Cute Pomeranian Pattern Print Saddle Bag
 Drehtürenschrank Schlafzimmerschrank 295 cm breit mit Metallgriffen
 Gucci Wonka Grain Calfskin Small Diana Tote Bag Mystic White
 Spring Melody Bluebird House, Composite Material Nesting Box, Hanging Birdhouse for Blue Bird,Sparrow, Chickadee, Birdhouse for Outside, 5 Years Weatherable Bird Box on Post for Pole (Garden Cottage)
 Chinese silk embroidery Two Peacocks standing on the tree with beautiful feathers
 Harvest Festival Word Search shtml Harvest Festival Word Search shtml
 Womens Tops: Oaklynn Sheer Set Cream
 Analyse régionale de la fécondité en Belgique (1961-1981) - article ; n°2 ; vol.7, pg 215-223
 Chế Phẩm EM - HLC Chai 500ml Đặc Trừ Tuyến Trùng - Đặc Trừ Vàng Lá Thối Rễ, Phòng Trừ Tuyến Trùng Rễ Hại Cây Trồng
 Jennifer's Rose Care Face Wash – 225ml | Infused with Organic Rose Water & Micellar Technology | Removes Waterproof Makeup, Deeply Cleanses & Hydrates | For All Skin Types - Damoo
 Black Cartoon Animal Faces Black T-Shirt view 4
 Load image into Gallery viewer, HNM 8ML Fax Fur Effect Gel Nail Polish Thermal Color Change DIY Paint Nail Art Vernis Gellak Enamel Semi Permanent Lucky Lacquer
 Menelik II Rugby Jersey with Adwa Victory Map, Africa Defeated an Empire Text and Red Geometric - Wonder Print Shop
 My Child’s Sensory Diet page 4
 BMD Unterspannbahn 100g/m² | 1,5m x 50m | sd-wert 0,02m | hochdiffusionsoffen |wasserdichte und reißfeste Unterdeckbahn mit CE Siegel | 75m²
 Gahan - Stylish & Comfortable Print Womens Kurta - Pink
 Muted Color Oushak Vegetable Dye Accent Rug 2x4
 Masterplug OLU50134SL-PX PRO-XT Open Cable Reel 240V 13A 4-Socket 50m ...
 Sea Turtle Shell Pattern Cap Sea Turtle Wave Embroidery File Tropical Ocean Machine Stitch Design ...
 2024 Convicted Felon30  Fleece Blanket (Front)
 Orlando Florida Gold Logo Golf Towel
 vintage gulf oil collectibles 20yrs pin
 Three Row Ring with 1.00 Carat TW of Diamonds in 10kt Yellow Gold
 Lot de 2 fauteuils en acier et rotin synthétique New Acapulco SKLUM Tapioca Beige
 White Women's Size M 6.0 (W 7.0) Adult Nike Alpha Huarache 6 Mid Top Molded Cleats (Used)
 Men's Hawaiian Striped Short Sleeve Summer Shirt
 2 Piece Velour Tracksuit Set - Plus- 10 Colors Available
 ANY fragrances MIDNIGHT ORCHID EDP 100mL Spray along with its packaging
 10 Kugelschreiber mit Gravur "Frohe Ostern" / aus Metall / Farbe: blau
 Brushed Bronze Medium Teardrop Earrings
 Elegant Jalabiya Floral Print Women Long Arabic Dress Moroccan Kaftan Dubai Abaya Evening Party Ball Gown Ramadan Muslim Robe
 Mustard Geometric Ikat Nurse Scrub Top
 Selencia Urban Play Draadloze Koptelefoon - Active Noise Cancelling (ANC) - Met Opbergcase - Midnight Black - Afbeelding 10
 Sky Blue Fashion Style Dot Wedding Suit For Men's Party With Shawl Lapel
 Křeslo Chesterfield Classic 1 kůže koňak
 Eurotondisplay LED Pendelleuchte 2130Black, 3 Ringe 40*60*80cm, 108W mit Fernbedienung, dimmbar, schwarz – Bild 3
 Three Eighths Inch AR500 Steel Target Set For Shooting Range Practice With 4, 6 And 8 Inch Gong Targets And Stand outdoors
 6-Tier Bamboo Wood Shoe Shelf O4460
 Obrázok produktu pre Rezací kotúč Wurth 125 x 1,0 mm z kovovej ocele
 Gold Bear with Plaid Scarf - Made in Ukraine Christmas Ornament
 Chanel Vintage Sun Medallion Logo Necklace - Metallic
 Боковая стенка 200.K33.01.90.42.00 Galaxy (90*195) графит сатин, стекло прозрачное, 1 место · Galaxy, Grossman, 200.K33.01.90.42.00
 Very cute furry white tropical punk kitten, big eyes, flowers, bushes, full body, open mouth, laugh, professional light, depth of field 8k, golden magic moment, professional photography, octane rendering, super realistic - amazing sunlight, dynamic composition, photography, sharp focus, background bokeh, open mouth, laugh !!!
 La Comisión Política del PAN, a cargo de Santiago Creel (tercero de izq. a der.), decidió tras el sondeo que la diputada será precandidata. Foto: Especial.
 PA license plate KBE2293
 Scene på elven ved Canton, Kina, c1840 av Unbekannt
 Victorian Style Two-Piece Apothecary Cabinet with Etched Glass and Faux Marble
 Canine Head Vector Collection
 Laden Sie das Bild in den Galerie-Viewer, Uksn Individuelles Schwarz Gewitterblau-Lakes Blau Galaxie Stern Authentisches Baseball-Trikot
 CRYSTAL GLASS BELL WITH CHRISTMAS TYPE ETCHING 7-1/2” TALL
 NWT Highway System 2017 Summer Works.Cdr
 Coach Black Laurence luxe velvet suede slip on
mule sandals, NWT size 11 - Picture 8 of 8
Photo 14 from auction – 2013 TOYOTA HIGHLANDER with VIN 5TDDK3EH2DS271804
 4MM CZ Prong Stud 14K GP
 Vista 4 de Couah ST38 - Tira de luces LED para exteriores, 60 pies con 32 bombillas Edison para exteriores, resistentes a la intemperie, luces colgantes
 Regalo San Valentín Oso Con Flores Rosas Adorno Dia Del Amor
──────
WORK REQUIRED: Your job is to print exactly the lines that run from the top of the entries through the line with "Analyse régionale de", and no others.

RESULT OF THE EXERCISE:
Cute Pomeranian Pattern Print Saddle Bag
 Drehtürenschrank Schlafzimmerschrank 295 cm breit mit Metallgriffen
 Gucci Wonka Grain Calfskin Small Diana Tote Bag Mystic White
 Spring Melody Bluebird House, Composite Material Nesting Box, Hanging Birdhouse for Blue Bird,Sparrow, Chickadee, Birdhouse for Outside, 5 Years Weatherable Bird Box on Post for Pole (Garden Cottage)
 Chinese silk embroidery Two Peacocks standing on the tree with beautiful feathers
 Harvest Festival Word Search shtml Harvest Festival Word Search shtml
 Womens Tops: Oaklynn Sheer Set Cream
 Analyse régionale de la fécondité en Belgique (1961-1981) - article ; n°2 ; vol.7, pg 215-223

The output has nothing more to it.